- **Exercise brief**:
All the records that follow need to be reproduced exactly. Omit the images.

___ Entries supplied ___

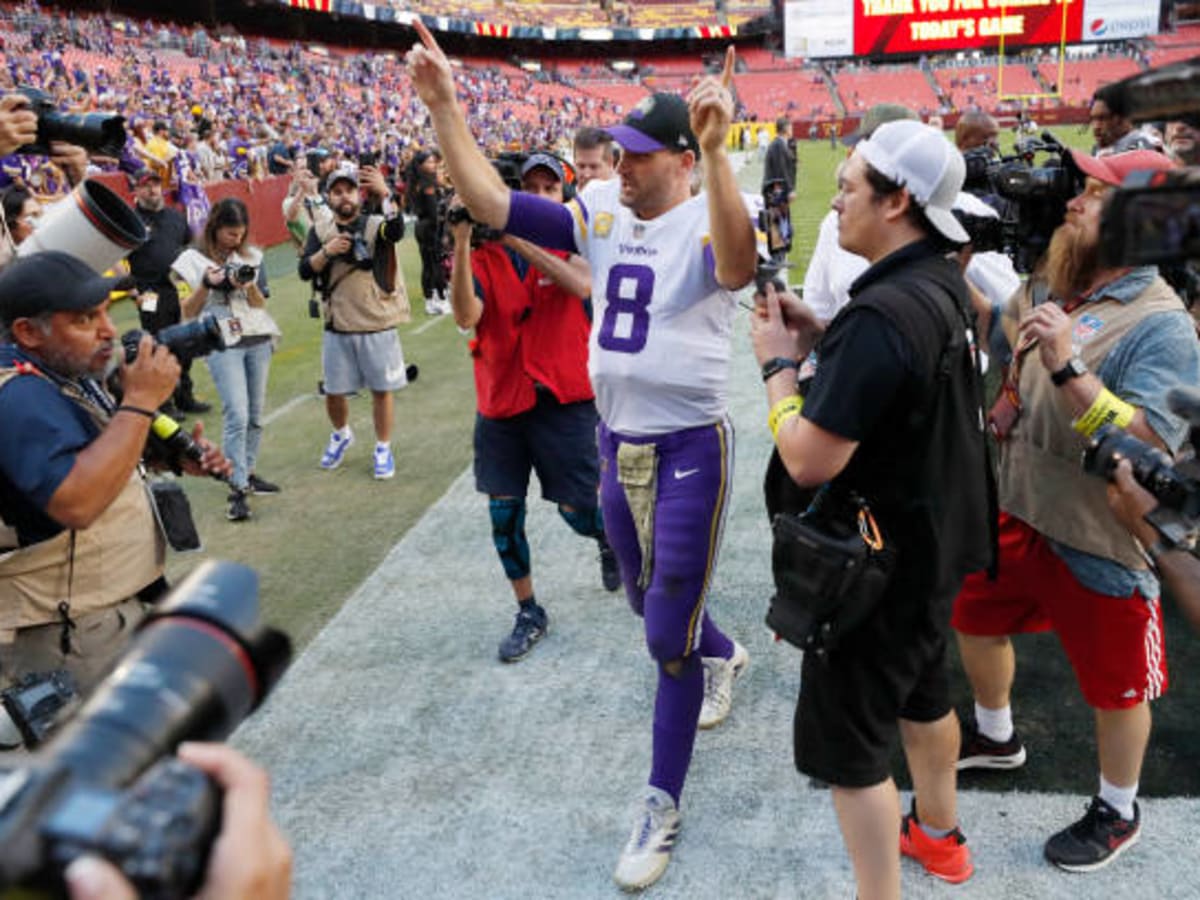 Commanders melt down in fourth as Vikings, Kirk Cousins escape FedEx Field  with victory - Washington Times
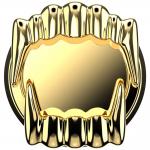 Suport universal pentru telefon PopSockets Say Cheese, Extensibil, Gold 3 - lerato.ro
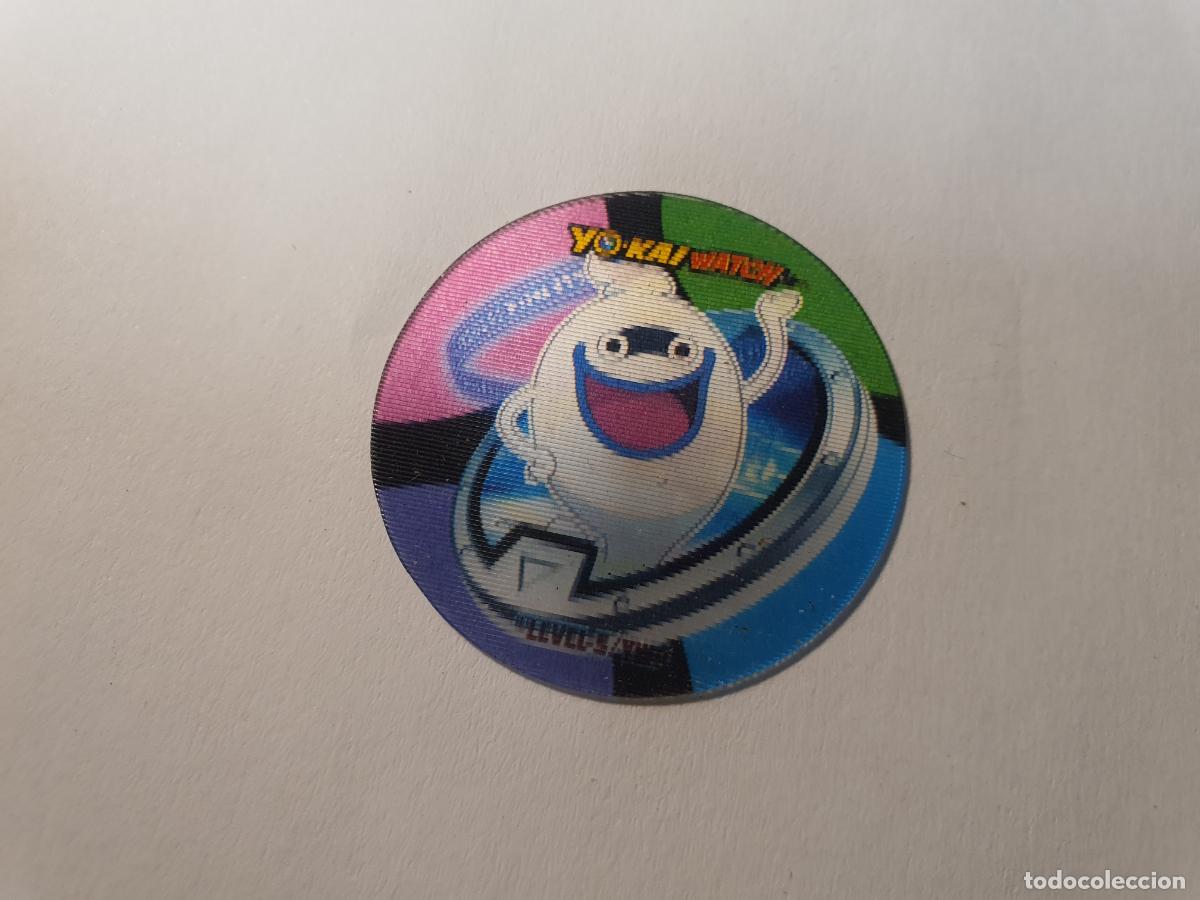 Juguetes antiguos y Juegos de colecci&oacute;n: TAZO TOSFRIT - YOKAI WATCH - N&ordm; 10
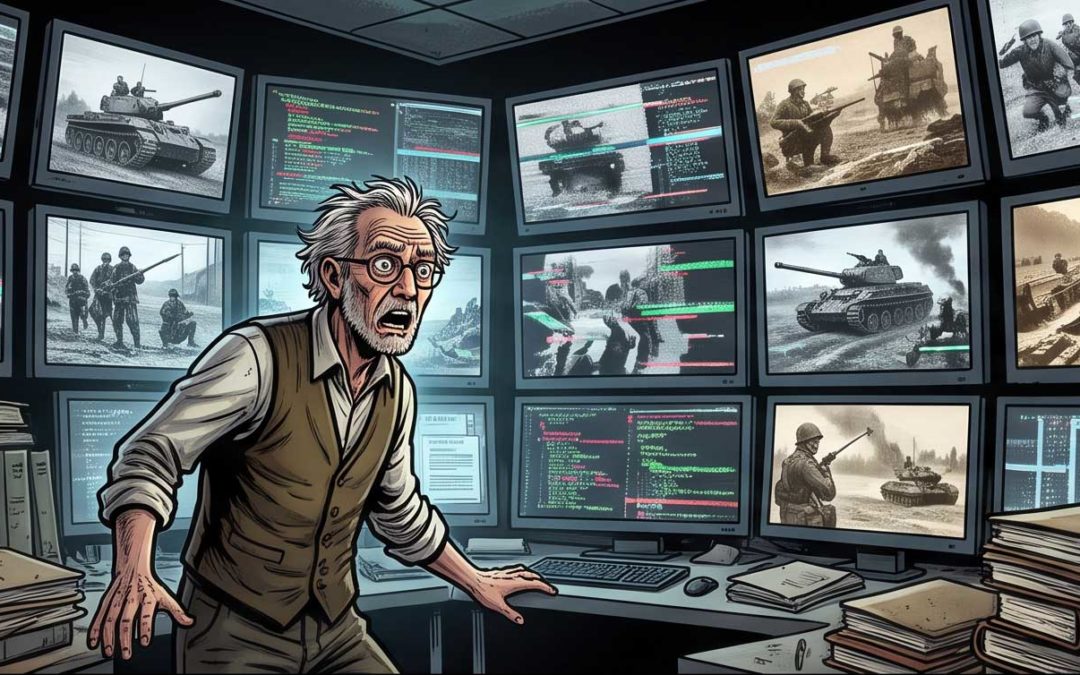 Nazi, Systemhistoriker, KI Hoax,&nbsp;Reset?!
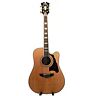 Daasd500 Dangelico Premier Acoustic Electric Guitar Natural Finish Model Angelico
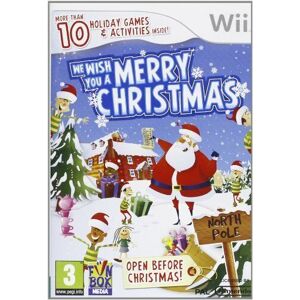 MediaTronixs We Wish You A Merry Christmas (Nintendo Wii) - Game NEVG Pre-Owned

___

- **Your solution**:
 Commanders melt down in fourth as Vikings, Kirk Cousins escape FedEx Field  with victory - Washington Times
 Suport universal pentru telefon PopSockets Say Cheese, Extensibil, Gold 3 - lerato.ro
 Juguetes antiguos y Juegos de colecci&oacute;n: TAZO TOSFRIT - YOKAI WATCH - N&ordm; 10
 Nazi, Systemhistoriker, KI Hoax,&nbsp;Reset?!
 Daasd500 Dangelico Premier Acoustic Electric Guitar Natural Finish Model Angelico
 MediaTronixs We Wish You A Merry Christmas (Nintendo Wii) - Game NEVG Pre-Owned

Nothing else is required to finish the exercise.